Planning also forces you to define your destination. If you can’t define where you are going, you are wandering aimlessly in the woods. The rationalization that your space moves too fast to define the destination is not acceptable. At minimum, you should be able to create a directionally correct picture of the future that you are striving to create (ie. Our destination is to the west). The destination you articulate should be worthwhile and aspirational, yet realistic. Don’t worry if the destination changes in a future planning session; that is natural in an emerging market space. But the notion that the destination may change is a lame excuse for not planning at all.
Finally, planning forces you to create an execution path that closes the gap between where you are and where you want to be. If you can’t define the execution focus that will help you to close the gap between where you are and where you want to be, how can you expect your employees know how to close the gap? Tactically focused, execution oriented people you find in most companies need to know how to get from point A to point B in oder to be effective. It is your job to give them the map and show them how their job fits in.

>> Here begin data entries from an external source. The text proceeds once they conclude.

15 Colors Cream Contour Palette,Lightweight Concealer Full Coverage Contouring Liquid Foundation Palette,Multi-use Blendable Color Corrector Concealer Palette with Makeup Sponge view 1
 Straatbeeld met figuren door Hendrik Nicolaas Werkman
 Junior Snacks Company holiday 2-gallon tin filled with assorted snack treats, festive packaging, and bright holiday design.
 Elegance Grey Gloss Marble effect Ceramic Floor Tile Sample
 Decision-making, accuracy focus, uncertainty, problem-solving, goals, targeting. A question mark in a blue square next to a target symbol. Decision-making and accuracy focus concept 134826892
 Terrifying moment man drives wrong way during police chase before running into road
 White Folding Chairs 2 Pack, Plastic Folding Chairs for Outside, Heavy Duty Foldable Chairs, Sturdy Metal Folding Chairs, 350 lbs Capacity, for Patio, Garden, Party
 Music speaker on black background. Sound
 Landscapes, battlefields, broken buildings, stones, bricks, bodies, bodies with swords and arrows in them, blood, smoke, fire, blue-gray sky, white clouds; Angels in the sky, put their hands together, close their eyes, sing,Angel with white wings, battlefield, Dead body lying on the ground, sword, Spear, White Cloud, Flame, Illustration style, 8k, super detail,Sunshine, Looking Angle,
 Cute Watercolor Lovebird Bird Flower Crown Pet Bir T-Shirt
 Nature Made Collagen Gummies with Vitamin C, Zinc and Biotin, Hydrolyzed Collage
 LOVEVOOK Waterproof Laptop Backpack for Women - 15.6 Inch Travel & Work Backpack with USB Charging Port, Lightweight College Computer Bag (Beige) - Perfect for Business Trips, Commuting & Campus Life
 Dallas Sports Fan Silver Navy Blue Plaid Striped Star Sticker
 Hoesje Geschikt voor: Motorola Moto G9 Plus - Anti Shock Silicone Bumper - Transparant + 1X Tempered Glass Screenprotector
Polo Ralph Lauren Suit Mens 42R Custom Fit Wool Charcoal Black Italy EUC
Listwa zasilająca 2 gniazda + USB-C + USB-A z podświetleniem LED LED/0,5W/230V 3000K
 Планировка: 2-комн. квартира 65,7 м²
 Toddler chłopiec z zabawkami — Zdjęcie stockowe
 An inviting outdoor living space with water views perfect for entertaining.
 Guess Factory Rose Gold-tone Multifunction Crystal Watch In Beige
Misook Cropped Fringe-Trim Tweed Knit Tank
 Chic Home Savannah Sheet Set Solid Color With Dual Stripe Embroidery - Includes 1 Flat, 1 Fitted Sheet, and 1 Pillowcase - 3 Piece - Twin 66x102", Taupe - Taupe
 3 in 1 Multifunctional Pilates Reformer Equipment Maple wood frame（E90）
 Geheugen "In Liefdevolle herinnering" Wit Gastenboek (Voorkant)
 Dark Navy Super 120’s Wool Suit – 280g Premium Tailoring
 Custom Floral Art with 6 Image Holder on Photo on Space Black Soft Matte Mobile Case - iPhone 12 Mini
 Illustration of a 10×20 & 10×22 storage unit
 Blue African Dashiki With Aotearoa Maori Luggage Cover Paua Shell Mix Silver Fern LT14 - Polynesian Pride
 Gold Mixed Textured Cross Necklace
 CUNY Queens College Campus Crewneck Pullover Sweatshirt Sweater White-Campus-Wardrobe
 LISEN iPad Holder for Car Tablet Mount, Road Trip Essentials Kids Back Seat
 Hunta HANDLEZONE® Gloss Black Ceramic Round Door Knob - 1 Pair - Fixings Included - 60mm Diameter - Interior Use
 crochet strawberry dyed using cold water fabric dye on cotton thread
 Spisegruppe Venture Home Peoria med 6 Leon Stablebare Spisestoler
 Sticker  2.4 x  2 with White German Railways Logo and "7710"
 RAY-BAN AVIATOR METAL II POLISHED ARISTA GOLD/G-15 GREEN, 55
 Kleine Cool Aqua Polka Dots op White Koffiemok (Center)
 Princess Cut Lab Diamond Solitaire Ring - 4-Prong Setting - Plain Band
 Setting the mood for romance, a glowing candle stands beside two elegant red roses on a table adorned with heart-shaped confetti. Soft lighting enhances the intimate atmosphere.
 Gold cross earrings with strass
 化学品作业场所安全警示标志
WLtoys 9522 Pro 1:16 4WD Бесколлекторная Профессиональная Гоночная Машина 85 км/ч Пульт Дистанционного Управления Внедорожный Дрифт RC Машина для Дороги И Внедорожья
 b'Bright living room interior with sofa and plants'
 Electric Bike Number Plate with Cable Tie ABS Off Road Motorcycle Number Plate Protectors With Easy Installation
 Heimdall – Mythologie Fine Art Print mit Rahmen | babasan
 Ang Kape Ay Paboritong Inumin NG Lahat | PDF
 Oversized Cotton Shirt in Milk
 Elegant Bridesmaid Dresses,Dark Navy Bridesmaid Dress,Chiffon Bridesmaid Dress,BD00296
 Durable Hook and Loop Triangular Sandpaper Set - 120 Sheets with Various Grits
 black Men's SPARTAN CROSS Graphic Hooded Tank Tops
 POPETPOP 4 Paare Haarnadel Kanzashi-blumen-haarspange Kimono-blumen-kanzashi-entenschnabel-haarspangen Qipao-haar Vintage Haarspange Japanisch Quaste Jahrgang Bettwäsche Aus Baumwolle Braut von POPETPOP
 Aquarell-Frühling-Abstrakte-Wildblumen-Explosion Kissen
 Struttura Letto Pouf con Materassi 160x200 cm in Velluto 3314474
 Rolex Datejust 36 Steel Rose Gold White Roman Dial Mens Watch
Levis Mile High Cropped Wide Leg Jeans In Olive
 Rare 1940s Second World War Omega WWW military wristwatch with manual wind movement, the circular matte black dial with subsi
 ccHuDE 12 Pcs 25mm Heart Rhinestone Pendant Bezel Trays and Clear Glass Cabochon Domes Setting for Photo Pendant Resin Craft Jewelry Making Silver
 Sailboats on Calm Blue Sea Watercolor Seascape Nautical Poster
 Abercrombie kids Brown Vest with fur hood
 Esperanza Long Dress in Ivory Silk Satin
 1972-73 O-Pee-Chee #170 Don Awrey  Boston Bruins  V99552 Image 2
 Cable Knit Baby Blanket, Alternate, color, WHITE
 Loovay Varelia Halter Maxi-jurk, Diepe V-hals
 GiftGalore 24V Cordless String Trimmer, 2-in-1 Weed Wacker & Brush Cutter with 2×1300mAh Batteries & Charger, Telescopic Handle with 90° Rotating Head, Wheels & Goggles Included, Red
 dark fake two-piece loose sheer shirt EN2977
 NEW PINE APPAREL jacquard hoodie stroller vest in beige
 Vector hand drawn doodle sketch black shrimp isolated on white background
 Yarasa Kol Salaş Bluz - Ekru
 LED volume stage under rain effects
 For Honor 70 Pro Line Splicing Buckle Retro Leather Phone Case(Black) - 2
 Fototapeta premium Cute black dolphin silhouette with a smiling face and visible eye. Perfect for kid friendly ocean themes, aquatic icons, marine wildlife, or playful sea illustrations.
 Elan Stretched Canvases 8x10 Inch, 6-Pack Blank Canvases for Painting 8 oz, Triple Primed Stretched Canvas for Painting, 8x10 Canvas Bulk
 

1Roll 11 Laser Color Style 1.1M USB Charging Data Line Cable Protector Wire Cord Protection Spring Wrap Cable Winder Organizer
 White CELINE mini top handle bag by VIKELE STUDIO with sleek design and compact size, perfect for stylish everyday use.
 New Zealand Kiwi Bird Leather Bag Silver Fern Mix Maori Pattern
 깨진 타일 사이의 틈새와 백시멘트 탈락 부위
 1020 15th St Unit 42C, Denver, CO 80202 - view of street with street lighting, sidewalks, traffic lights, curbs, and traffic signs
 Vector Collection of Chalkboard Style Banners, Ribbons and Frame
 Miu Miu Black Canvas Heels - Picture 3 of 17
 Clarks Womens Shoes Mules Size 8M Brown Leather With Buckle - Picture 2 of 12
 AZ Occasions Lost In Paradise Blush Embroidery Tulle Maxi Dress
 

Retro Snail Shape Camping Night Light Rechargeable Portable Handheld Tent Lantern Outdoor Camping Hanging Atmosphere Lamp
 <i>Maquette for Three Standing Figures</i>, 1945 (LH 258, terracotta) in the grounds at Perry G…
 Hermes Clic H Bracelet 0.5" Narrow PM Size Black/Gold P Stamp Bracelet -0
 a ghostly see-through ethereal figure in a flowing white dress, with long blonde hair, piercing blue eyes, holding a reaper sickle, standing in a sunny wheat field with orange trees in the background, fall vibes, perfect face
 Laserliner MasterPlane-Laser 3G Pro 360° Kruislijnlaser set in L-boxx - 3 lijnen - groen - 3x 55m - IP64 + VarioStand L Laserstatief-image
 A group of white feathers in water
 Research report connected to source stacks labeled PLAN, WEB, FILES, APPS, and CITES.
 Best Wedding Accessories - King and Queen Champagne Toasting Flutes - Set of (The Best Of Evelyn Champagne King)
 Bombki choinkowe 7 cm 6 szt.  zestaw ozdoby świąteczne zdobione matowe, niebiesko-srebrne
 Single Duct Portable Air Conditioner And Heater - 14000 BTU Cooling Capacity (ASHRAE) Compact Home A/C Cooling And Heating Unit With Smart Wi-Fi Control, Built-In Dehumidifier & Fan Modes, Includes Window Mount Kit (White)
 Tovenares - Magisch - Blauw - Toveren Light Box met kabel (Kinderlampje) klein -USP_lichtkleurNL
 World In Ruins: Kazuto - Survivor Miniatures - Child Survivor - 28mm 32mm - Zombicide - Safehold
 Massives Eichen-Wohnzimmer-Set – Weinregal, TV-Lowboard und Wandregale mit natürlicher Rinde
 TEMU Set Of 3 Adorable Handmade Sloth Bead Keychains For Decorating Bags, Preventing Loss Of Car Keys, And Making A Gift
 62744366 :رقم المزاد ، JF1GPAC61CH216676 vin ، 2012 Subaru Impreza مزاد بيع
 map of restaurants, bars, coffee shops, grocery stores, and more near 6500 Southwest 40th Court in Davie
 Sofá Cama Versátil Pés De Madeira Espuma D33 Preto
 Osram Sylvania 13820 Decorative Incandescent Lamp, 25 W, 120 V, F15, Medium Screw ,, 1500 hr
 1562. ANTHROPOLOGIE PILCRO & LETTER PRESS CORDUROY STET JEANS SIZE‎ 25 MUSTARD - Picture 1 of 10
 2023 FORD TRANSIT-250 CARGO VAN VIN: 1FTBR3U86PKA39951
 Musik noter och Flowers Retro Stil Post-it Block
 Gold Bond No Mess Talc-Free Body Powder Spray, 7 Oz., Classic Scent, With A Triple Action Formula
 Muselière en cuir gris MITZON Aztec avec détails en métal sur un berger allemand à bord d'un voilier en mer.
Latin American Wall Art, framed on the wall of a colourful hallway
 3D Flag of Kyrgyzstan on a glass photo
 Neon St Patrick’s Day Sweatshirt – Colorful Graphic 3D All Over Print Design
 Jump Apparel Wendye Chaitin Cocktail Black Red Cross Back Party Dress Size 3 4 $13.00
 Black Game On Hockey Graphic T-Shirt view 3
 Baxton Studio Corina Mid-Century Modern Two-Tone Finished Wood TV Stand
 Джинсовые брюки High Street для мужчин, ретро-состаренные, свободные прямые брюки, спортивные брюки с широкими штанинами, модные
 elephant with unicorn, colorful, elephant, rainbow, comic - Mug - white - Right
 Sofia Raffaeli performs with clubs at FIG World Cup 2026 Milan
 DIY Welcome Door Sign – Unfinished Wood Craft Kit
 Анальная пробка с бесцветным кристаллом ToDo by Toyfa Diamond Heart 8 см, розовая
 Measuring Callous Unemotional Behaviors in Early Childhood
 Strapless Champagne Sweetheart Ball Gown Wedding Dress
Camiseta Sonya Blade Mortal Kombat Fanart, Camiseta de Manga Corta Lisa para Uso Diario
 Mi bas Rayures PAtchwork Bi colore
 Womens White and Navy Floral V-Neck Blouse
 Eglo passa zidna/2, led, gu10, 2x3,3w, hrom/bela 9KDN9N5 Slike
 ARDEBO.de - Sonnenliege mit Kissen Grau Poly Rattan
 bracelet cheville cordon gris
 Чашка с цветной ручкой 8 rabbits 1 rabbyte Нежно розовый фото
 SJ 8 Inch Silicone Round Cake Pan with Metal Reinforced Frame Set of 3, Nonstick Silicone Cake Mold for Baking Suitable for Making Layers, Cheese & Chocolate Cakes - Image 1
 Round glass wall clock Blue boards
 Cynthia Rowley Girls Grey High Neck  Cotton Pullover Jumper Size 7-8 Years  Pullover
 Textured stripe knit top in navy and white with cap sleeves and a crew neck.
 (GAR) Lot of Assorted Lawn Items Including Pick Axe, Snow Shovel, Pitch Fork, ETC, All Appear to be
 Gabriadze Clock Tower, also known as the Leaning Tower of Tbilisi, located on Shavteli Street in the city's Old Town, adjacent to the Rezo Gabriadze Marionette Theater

Planning 101: Keep it simple
Planning doesn’t have to be complicated. To really boil it down, we can dispense with the “soft fuzzy stuff”; mission, vision, strategic intent, etc; although I’m a believer that those pieces of strategy have merit. For an emerging growth company, planning should be about two categories of issues:
- The things that you can accomplish that will make you wildly successful and;
- The things that you can do to yourself or that can happen to you that will kill your business if you do not prevent them from happening.
My Partners and I at Meritage call these the “Critical Issues”. There should be no more than five to seven of them. If you have ten or more critical issues, you probably don’t have the time, knowledge, resources or capital to execute your plan. Embedded in the critical issues is where you are, and where you need to go (point A and point B on a map). With those points in mind, the next step is to determine the route you are going to take.
For our companies, we like a set of three to five initiatives lined up against each of the critical issues. The initiatives provide tactical guidance regarding what you can to get from point A to B. Initiatives must be within your control; saying that your market must grow 50% next year is not an initiative. Initiatives must also not be prescriptive. “Sell better” is not an initiative, whereas “implement sales training program” clearly is.
Finally, now that you’ve defined the initiatives you are going to execute against, we have our companies establish measurements that define their success against the initiatives. Measurements must be, well, measurable. In other words, use numbers and dates; 10 enterprise customers by year-end, 8.5+ on customer satisfaction survey, version x.x of the product released by June 30, 2009 and on budget. Again, keep it simple; three to five measurements per critical issue is sufficient in our experience.
Putting critical issues, initiatives and measurements into a three column table gets your entire strategy map on one piece of paper. That is remarkable because it provides a simple communication tool to use with employees, Boards and shareholders. Some of our companies use the three columns as the first page of their Board reports and add a red-yellow-green light next to each critical issue to reflect the CEO’s overall assessment of progress against the critical issues. This format makes for an effective visual representative of progress.
This may sound old school, but its my experience that management teams that are honest about where they are, who know where they are going and are able to outline the key steps to get there perform better than management teams that can’t commit these things to paper. If you don’t have the vision to anticipate where you should be by the end of next year, shorten the time-frame; do quarterly or semi-annual planning.
Choosing not plan at all is a massive failure of leadership. So get your management team in a room and hash it out; you will all be better off for it and so will your company’s performance.